CAS can facilitate certain steps in more complicated problems. For example, in Official PSAT Practice Test 1 Section 4 problem 28, we have the graph of a line intersecting a parabola, and have to find the x-coordinate of the point of intersection (v,w) . We are given the vertex (4,19) and the y-intercept (0,3), of the parabola, and two other points on the line (0,-9) and (2,-1).
The first step is to find the equation of the parabola.
We can use the vertex form y=a(x-4)^2+19. Since (0.3) is a point on the parabola, we can substitute the point and solve for a with CAS:
solve(3=a*(0-4)^2+19,a) Enter
returns a=-1
Since (v,w) is on both the parabola and the line, we can set up a system of two equations in v and w:
solve(w=-(v-4)^2+19
(w+1)/(v-2)=(-1+9)/(2-0),v,w) Enter
returns v=-2 and w=-17 or v=6 and w=15
From the graph, we can see that (v,w) is the point of intersection in the first quadrant, so v=6
I feel like any student who knows how to express a quadratic function in vertex form should be able to solve 3 = a(-4)^2 + 19 in faster time than it takes to punch everything into a CAS calculator.
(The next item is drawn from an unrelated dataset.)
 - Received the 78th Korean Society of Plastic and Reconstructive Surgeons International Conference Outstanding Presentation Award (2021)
That is just my take.
If I was really short on time, and if I was really familiar with the CAS functionality, I might use it to bypass the annoying algebra as you did in the 2nd step.
However, given all of these CAS “tricks,” I can’t say I recommend many of them to weaker (e.g. ~400-500) math students simply because I believe it is strictly better to simply learn the material and get a very solid understanding.
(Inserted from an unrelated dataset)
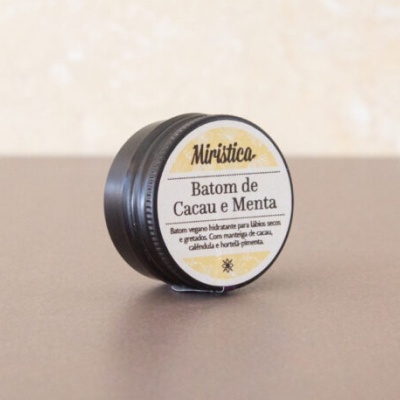 Frasco pequeno preto com tampa branca de batom de cacau e menta Mirística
As another example, problem 30 on that same test can be done cheaply with a graphing calculator:
fMax(100t - (1/2)9.8t^2, t, 0, infinity) (had to look up the command name, correct me if I messed up the syntax)
which should return 510.2, round to 510.
31 can also be done a similar way, but I find it much easier to solve 0 = 100 - 9.8*t or t = 100/9.8 (s).
Practice Test 3 Section 4 Question 22 The sum of three numbers is 855. One of the numbers, x, is 50% more than the sum of the other two numbers. What is the value of x ? A) 570 B) 513 C) 214 D) 155
[/QUOTE]
CAS Solution
solve(x+y+z=855
x=(y+z)+.5(y+z), x,y,z) Enter
returns x=513<<<
Why not simply entering 855 x 3/5? And without any calculator, evaluating 57 + 38? Isn’t the SAT about reasoning and basic calculations? Either way, that problem requires a couple of seconds to solve mentally.
Miter94, there was no issue with the problem itself, except that Plotinus failed to add the four choices. Hence my reply!
Vertex and x-intercept forms of the parabola are very important for the Redesigned SAT. I would say vertex form is a 600-level skill at best for the new test. Anyone who is taking a stab at this problem needs to know vertex form. Otherwise invest the time in something more promising.
There are students who are very, very fast at punching things into a CAS but who tend to make sign and other mistakes when doing problems like this one by hand. I had more than one >600 level student make a sign mistake on this equation.
This is a field report: even students who don’t like math can be incredibly fast at punching things in. Their calculators are smoking. I would never be able to keep up with them in a calculator race, and only sometimes in a race of my pencil against their calculators, and I am pretty fast with pencil/mental math (but not as fast as @MITer94). Their calculators are extensions of their bodies. You have to see it to believe it.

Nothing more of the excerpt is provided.